O Sr. Moraes Sarmento: - Sr. Presidente, peço a V. Exa. queira propor á Camará a necessidade de se fazer uma ligeira alteração no Regimento, somente para o fim de ser o Sr. Bispo de Cabo Verde chamado as Commissões Centraes, encarregadas de entender sobre os objectos dos meus dous Projectos sobre a Africa Portugueza. As luzes de Sua Excellencia, a experiência conseguida no seu Emprego Religioso e Político, devem, subministrar grandes meios para a informação das Commissões referidas, e utilidade pública.

Resolvêo-se que o Sr. Deputado Bispo de Cabo Verde se unisse ás duas Commissões Centraes eleitas para examinarem os Projectos N.° 93, e N.º 96.

O Sr. Deputado, Moniz lêo hum Parecer da Commissão Central, encarregada de examinar a Proposta N.º 67 do Sr. ex-Deputado Noronha, Ficou para segunda leitura.

O Sr. Deputado Camillo Ferreira , como Relator da Commissão encarregada de examinar as contas da Com missão Administrativa, que servio na Sessão extraordinoria de 1826, lêo o seguinte

PARECER.

A Commissão Central encarregada de examinar o Relatorio da Commissão Administrativa da Camara dos Srs. Deputados na Sessão Extraordinaria de 1826, depois de ter examinado com todo o escrupulo, e confrontado, todas as verbas com os documentos, a que se refere a Conta corrente, verificou a exactidão das mesmas Contas, pelas quaes se mostra que a Commissão administrativa recebêo do Thesouro Publico em duas addições a quantia de 12:500$000 rs. papel - 12:500$000 rs. metal - 25:000$000 rs. Total.

Despendêo como consta dos quatorze Documentos juntos ao mesmo Relatorio 10:972$600 11:246$037 - 22:218$637.

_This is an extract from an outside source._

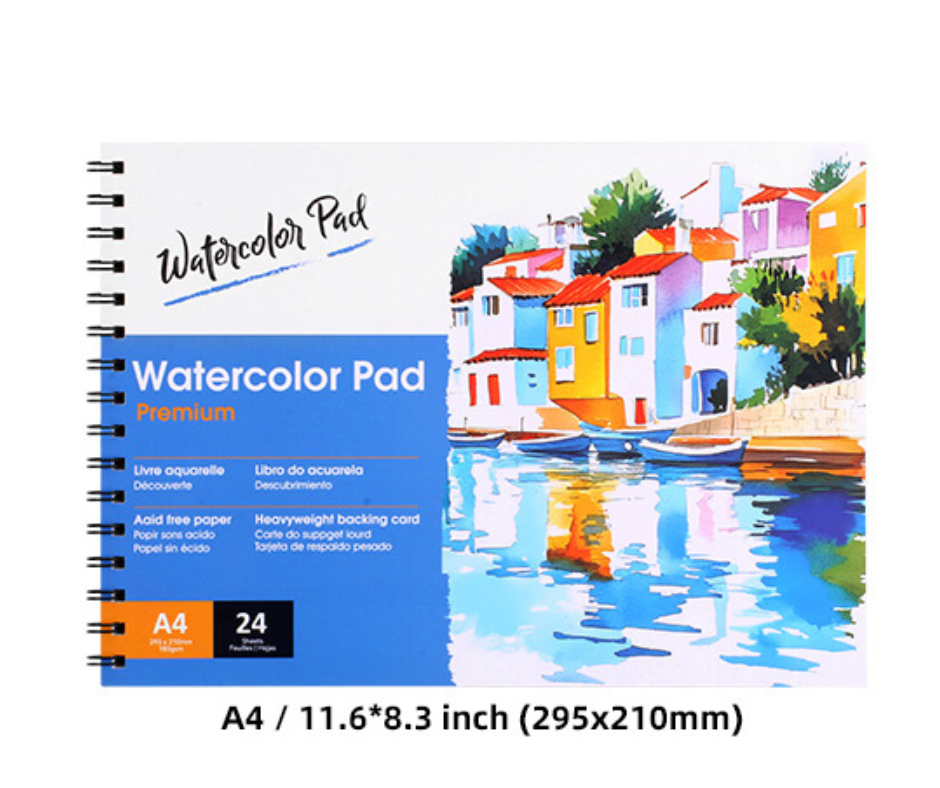 Panwenbo A4 180gsm Watercolor Drawing Pad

He o saldo a quantia de 1:527$400 - 1:853$963 - 2:781$363.
A Commissão Central conformando-se com a Indicação feita no Relatorio, julga conveniente que este saldo se entregue ao Sr. Deputado Luiz Antonio Rebello, ficando este authorisado para satisfazer a quantia de 1:158$750 rs. que ainda se devera de subsidios a alguns dos Srs. Deputados, dos mezes de Novembro e Dezembro, e o remanescente ser applicado ao pagamento das despezas Decorrentes, dando de tudo conta no fim da sua gerencia.